Steel giant ArcelorMittal is the company that is the worst polluter in France but also one of the most subsidised. Since 2013, it has received no less than €392m in public funding despite continued environmental regulation infringements and multiple convictions for polluting.

“As a company, you are responsible for 25% of [France’s] carbon dioxide emissions. Are you all right? Is it not too much to bear?” On 8 November 2022, as the leaders of the country’s 50 industrial sites that pollute the most met at the Elysée Palace, the event moderator challenged Eric Niedziela, ArcelorMittal’s climate action vice-chair. “No, we are all right, thank you. (…) ArcelorMittal, that’s also 15,000 jobs in France at 40 production sites,” Niedziela boasted. The sparring might have been surprising but it was only for show. In actual fact, the mining and blast furnace empire – the product of the merger, in 2006, between Arcelor and Mittal Steel Company – can rely on the unfailing generosity of the French government to remain the undisputed carbon emission leader in mainland France.

Disclose, in partnership with Marsactu and IrpiMedia, has worked out for the first time the amount of public funds ArcelorMittal has received over the past ten years, a corporation that emitted 14m tonnes of CO2 in 2021 from its two largest French plants in Dunkirk and Fos-sur-Mer. The result is enlightening, especially given that ArcelorMittal has benefitted from millions of euros in public funding despite continued environmental regulation offences and numerous convictions for polluting (read our investigation).

“digital transformation”

In addition to subsidies and tax credits, the French government has granted the corporation loans worth €2.5m at preferential interest rates. By having several legal entities, the steelmaker has also managed to rack up €192m worth of tax credits. Also, before prices soared in 2022, ArcelorMittal received at least €100m in public funding aimed at lowering energy-consuming industries’ electricity bills, Disclose’s estimates show. Finally, to help ArcelorMittal modernise its facilities, the government and local authorities have allocated €56m to the corporation.

ArcelorMittal’s imagination to get government funding is astonishing, to say the least. On 6 May 2020, at the height of the Covid-19 pandemic, Eric Niedziela, who was the director general of the Dunkirk site at the time, applied for subsidies worth €4.5m towards the plant’s “digital transformation”. The idea was to do away with the rounds conducted by maintenance staff and to replace them with meters requiring no human intervention. “The only problem is that these electronic tools do not work well because of the very high temperatures in the workshops and the huge amount of dust around,” says Philippe Reynald, the CGT trade union representative at the group’s central committee. Does this mean that the company has abandoned the project? Whatever the case may be, payments were approved in the autumn of 2020 by the Hauts-de-France regional authorities, led by former minister Xavier Bertrand of Les Républicains party. To date, ArcelorMittal says it has only received a transfer for €1.35m towards a project that was expected to be rolled out until 2023. The Hauts-de-France region’s communication service, which Disclose contacted for comment on several occasions, did not wish to answer our questions.

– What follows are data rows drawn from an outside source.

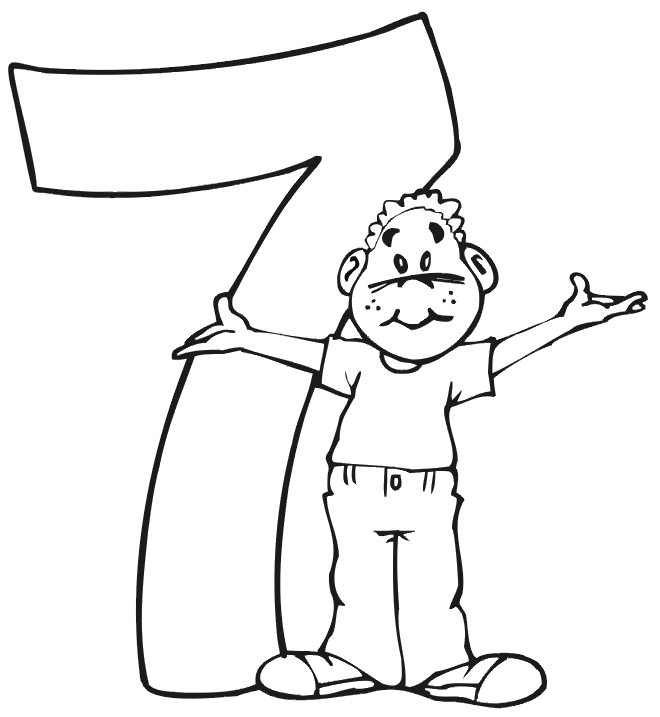 Birthday coloring page a boy standing beside the number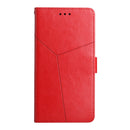 For Motorola Moto G32 HT01 Y-shaped Pattern Flip Leather Phone Case(Red)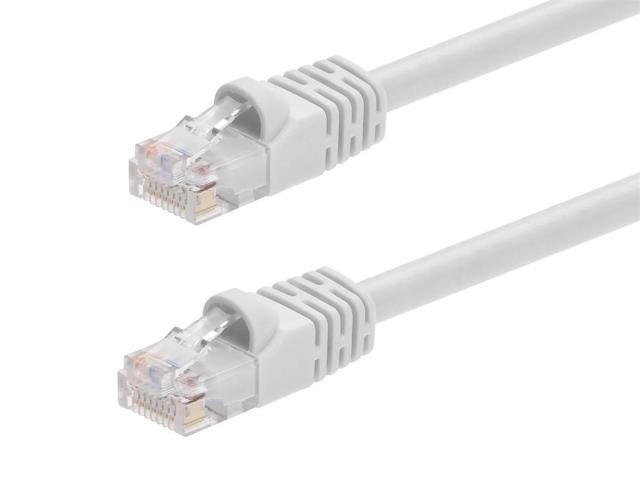 Monoprice Cat5e Ethernet Patch Cable - 5 Feet - White Network Internet Cord - RJ45, Stranded, 350Mhz, UTP, Pure Bare Copper Wire, 24AWG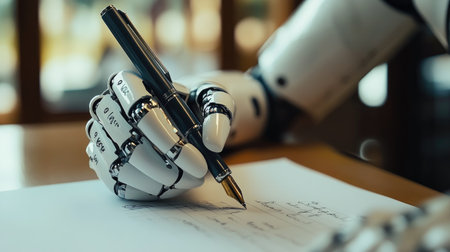 robot arm holding a pen, writing thoughtful answers on paper, symbolizing AI's role in assisting with tasks.の素材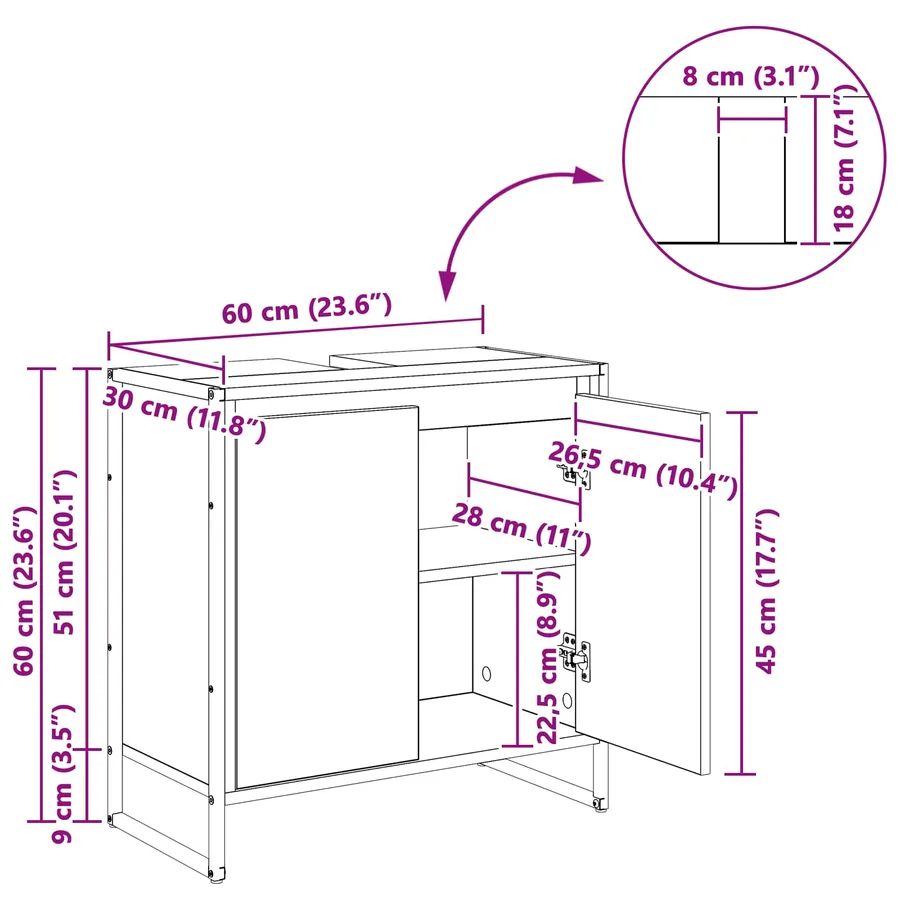 Cabinet de salle de bain Chêne artisan 60 x 30 x 60 cm - 14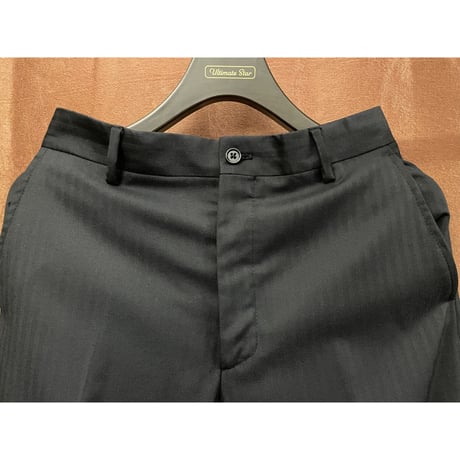 MADE IN ITALY製 Polo by Ralph Lauren シャドーヘリンボーン柄ウールスーツ ブラック 36サイズ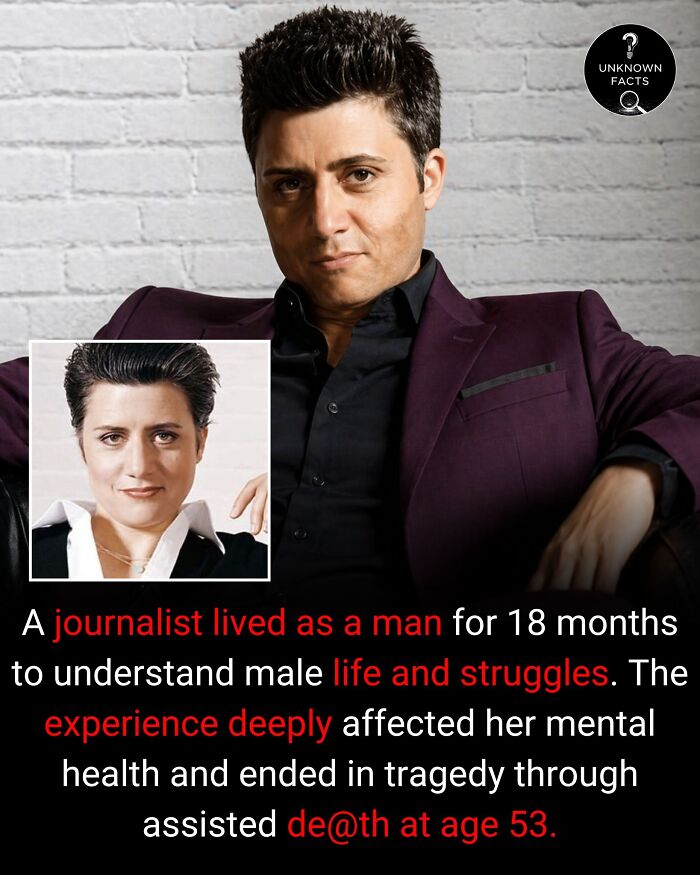 A man in a purple suit with a small inset image of a woman, revealing interesting facts about a journalist's life.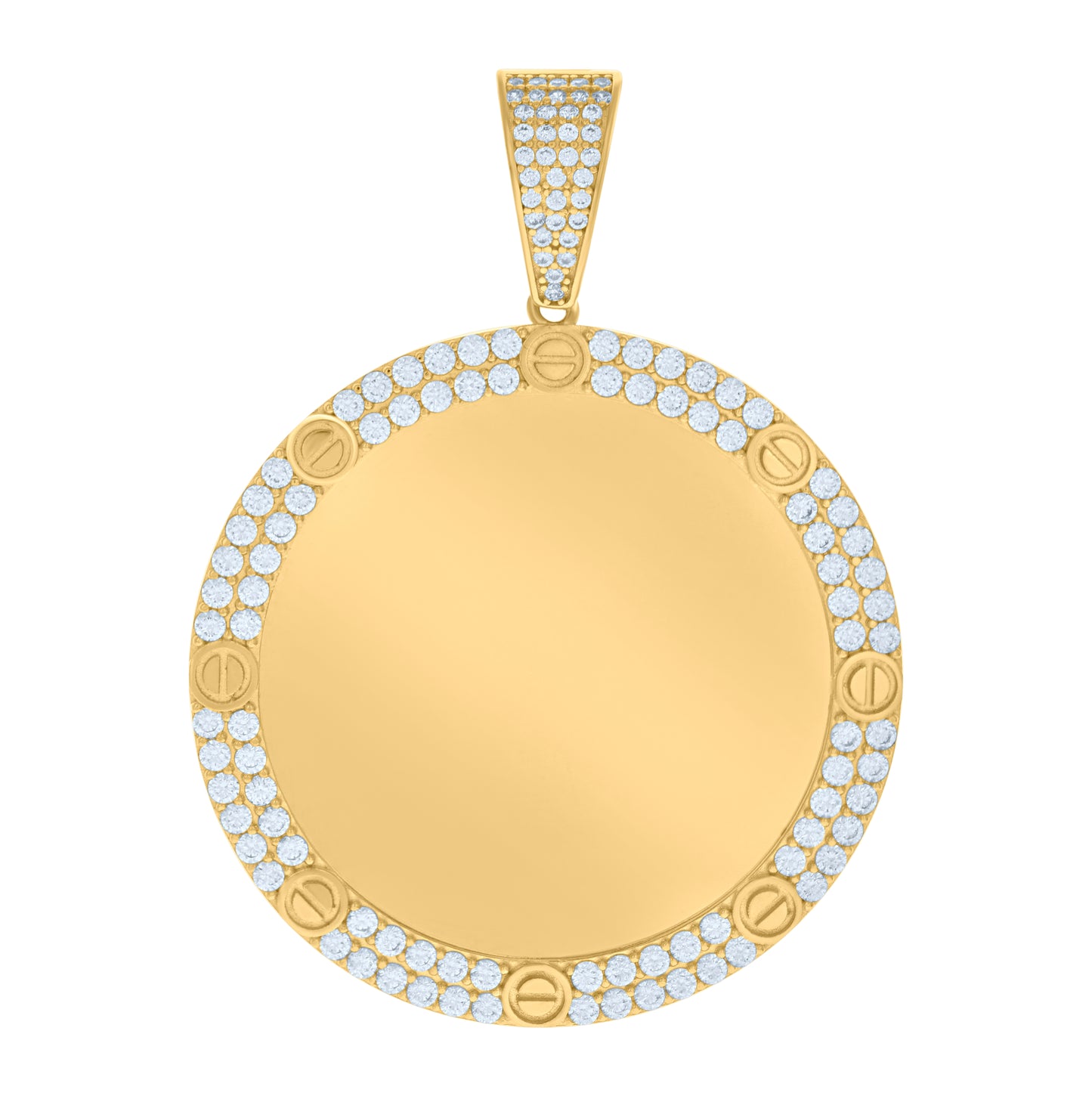 10K Yellow Gold Mens Cubic-Zirconia Photo Frame Charm Pendant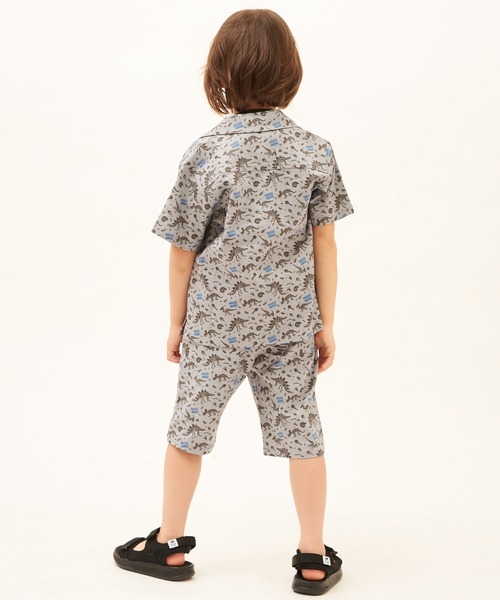 RUGGEDWORKS（ラゲッドワークス）の「麻レーヨン　半袖開襟シャツ（セットアップ可）（シャツ/ブラウス・キッズ・ライトグレー/カーキ・110/100/120/140/150/130/90）」の9枚目の写真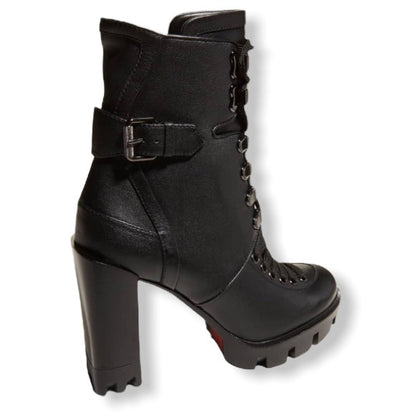 Christian Louboutin Macademia Calfskin Red Sole Biker Platform Booties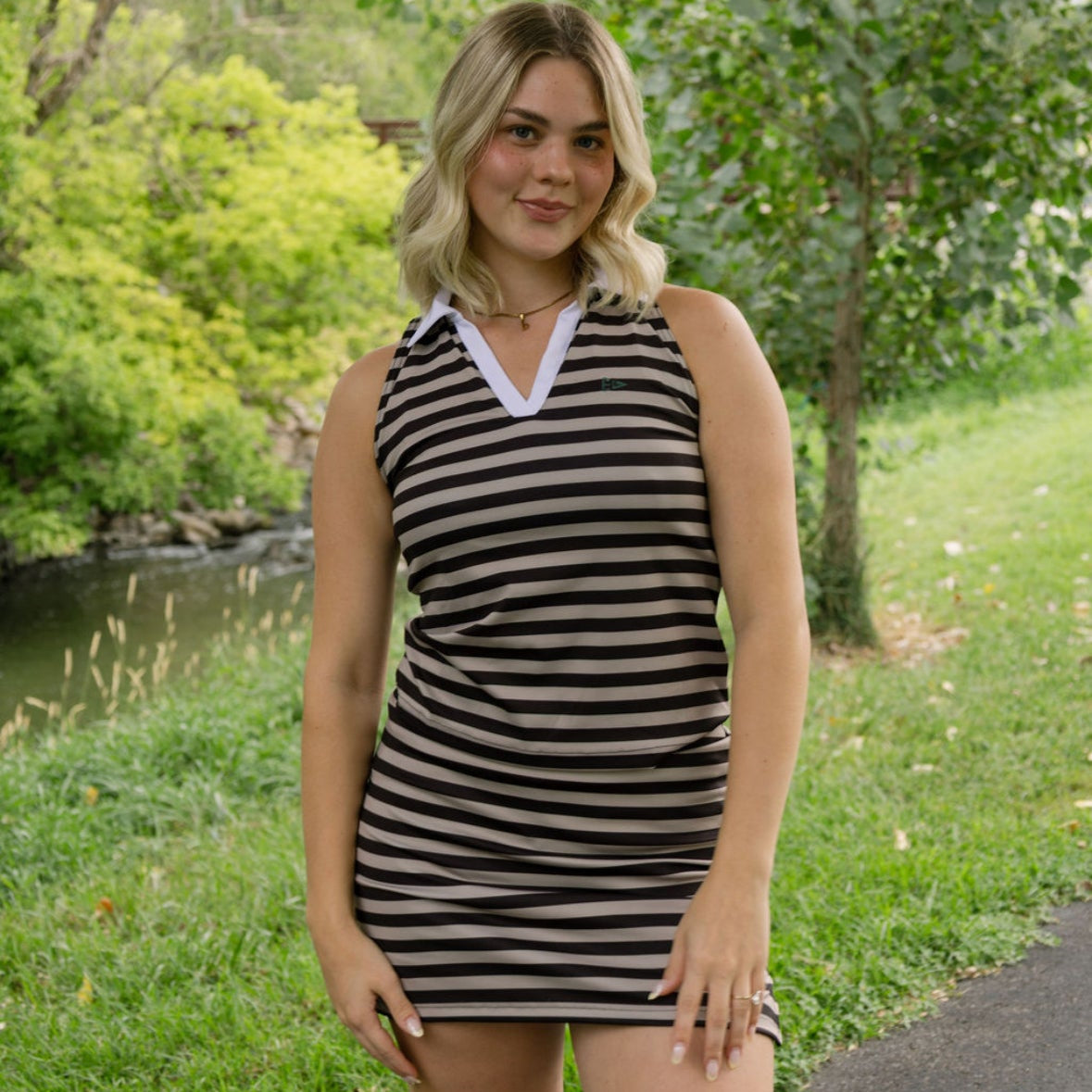 EG Classic striped skirt - tan/black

Two years earlier, in 2018, the environment agency (ADEME) had also granted funds worth €4.5m to ArcelorMittal Atlantique, which oversees the Dunkirk site. Disclose approached the agency and the environment ministry it is attached to but they did not get back to us.

“Licences to pollute” farce

The list of subsidies ArcelorMittal has received seems endless. Since 2006, the European Union has granted industrialists “carbon credits” also known as “licences to pollute”. The goal is to encourage them to reduce their CO2 emissions by attributing an annual emission allowance to each company. If the company exceeds the emission limits it has been set, it must pay a high levy by way of a deterrent or buy carbon credits from other companies that have not exhausted their allowance. But in practice the European Union has been so generous with cement and steel makers that ArcelorMittal never exhausts its allowance. The corporation is thus able to sell tonnes of CO2 to companies with less funding, including banks such as Barclays, BNP Paribas and Fortis. This absurd but legal trade made it possible for ArcelorMittal to reap at least €3.2bn until 2021 according to our estimates based on the mean trading price of carbon credits. ArcelorMittal did all this without ever reducing its own carbon emissions. And its profits may be even higher. According to a survey conducted by NGO Carbon Market Watch and consultants CE Delft, its allowance is believed to have enabled it to rack up €5.2bn over a decade.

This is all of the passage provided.